The effloresce of the Renaissance spirit appeared in the Elizabethan literature which was marked by fullness of national life, i.e. patriotism, a passion for knowledge, a spirit of daring adventures and an ambition to achieve great things. The many sided intellectual activities of the Renaissance were full reflected in the literature of the 16th and 17th centuries.

In the 16th century the prose writings of Bacon are the true specimen of the materialistic and Machiavellian facet of the Renaissance. His Essays is the fullest and the finest expression of the practical wisdom.

The plays of the University Wits bubble with the spirit of the Renaissance. Among the University Wits, Marlowe has been called, “the true child of the Renaissance” In his four plays Tamberlaine, Dr. Faustus, The Jew of Malta and Edward II, we notice a full-blooded expression of the entire age with all its new aspirations, hopes and dashing adventure. His plays are the epitome of what the Renaissance people felt and lived.

The Moral Temperament:
It was due to the influence of the Renaissance that literature became individualistic, scientific and secular. New learning and the emergence of scientific spirit of enquiry helped the growth of rationalism; emphasis was on the practical and empirical matter. Literature and writings had a definite moral slant which derived from such varied sources as classical and medieval philosophy and Christianity. In fact, the whole of Elizabethan literature is based on the author’s clear moral perception.

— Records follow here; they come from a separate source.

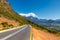 Scenic road at Franschhoek valley with its famous wineries and surrounding mountains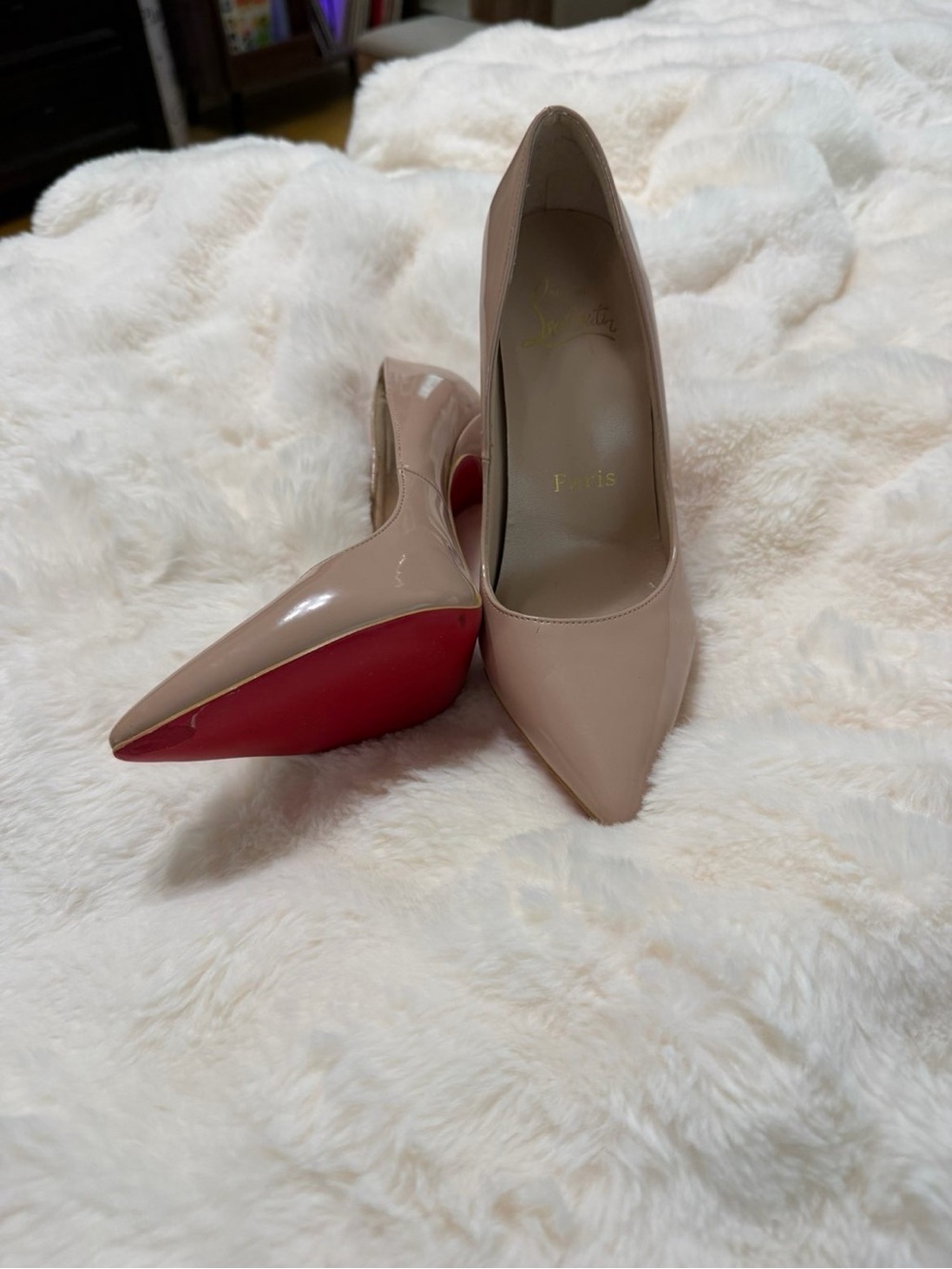Christian Louboutin Nude Patent Kate 100 mm size 37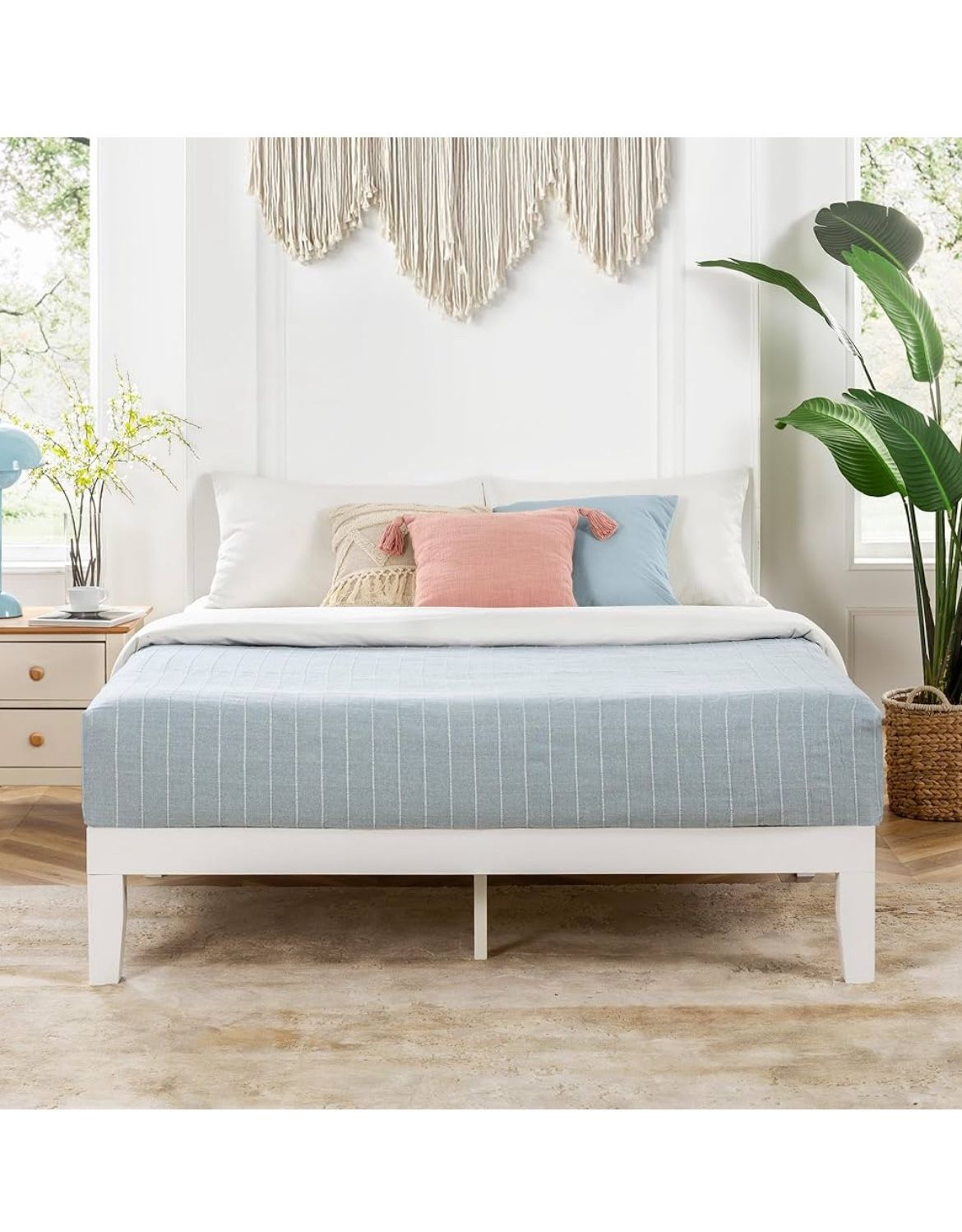 Mellow Naturalista Classic 12 Inch Solid Wood Platform Bed with Wooden Slats, Full, White 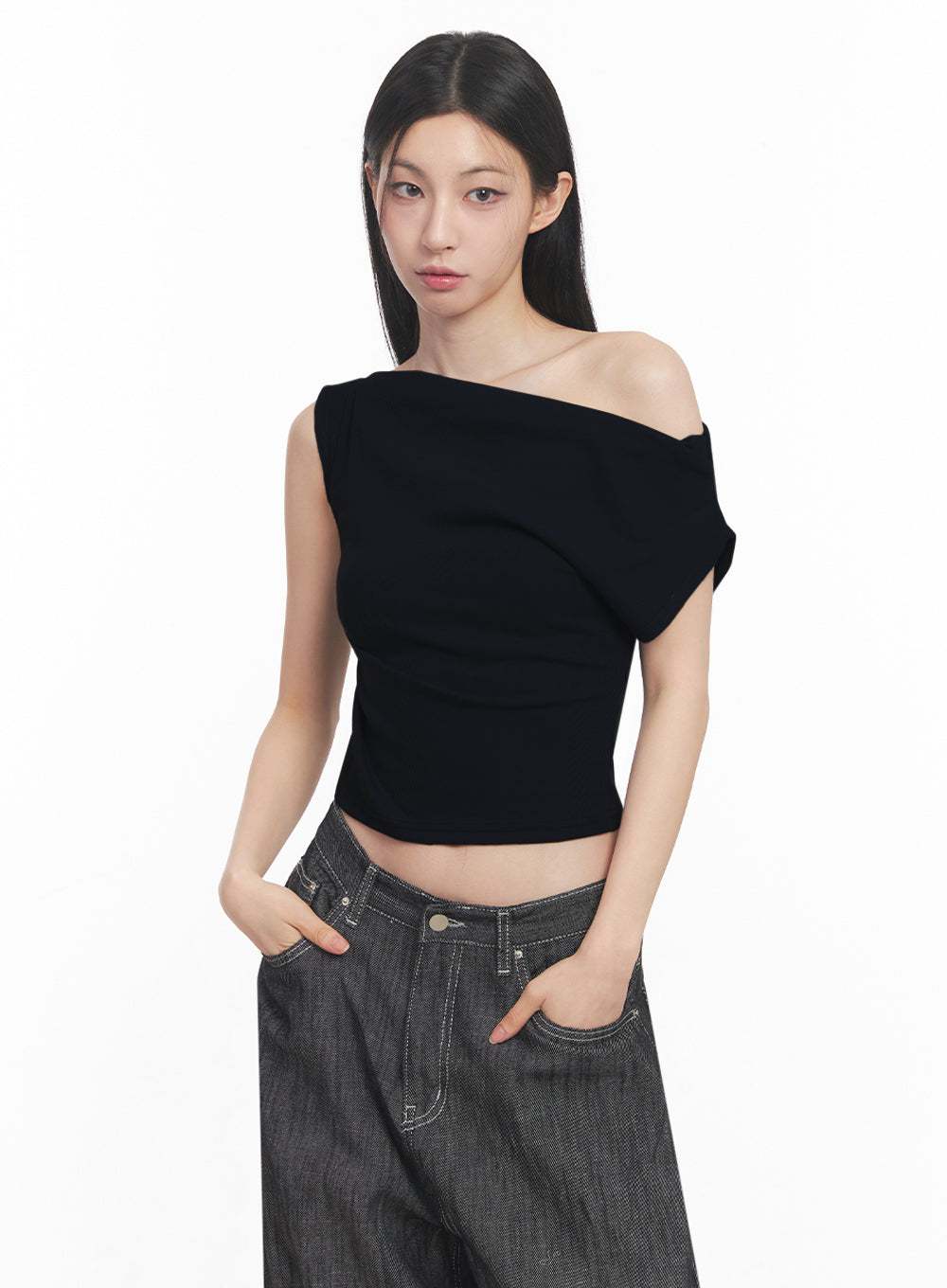 Asymmetric Short Sleeve Wrap Shirt IY516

So, in conclusion, we can say that the age of Renaissance is a glorious period. It is like sunrise after a long period of darkness. In the words of Milton we suddenly see England, “a noble and puissant nation, rousing herself like a strong man after sleep and shaking her invincible locks.” It is an age of great thought and great action, an age which appeals to the eye, the imagination and the intellect. It is a great age of intellectual and spiritual liberty, of economic content and of political and social peace and stability. In short, it is one of those great periods in the history of mankind when great art and literature flourish and come to flower. It was a glorious age in which men of genius like Shakespeare, Spenser, Bacon and Marlowe could make their mark.